┌────────
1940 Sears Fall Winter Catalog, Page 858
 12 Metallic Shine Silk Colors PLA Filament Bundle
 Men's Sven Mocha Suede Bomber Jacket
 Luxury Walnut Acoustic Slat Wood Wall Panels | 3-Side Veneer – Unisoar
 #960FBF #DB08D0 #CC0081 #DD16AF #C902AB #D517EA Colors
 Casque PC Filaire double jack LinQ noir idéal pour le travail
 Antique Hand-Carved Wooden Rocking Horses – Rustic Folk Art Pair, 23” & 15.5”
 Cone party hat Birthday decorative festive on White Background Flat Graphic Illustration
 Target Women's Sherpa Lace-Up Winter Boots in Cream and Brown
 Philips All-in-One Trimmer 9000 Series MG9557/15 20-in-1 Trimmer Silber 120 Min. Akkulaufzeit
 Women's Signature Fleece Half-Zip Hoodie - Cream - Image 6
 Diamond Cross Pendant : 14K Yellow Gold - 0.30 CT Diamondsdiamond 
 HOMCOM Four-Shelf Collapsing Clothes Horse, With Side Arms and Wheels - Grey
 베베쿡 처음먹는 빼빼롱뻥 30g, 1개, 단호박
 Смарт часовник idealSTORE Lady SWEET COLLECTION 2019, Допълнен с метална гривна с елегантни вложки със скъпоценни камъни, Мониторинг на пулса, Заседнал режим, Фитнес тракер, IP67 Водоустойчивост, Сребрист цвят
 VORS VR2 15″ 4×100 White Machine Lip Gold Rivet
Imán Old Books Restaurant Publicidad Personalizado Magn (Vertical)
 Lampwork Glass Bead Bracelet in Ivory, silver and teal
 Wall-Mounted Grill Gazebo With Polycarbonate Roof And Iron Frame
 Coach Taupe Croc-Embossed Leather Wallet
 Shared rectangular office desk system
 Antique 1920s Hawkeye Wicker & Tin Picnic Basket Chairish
└────────
Nothing but a number should be written: how many lines of the preceding listing contain "Side".

2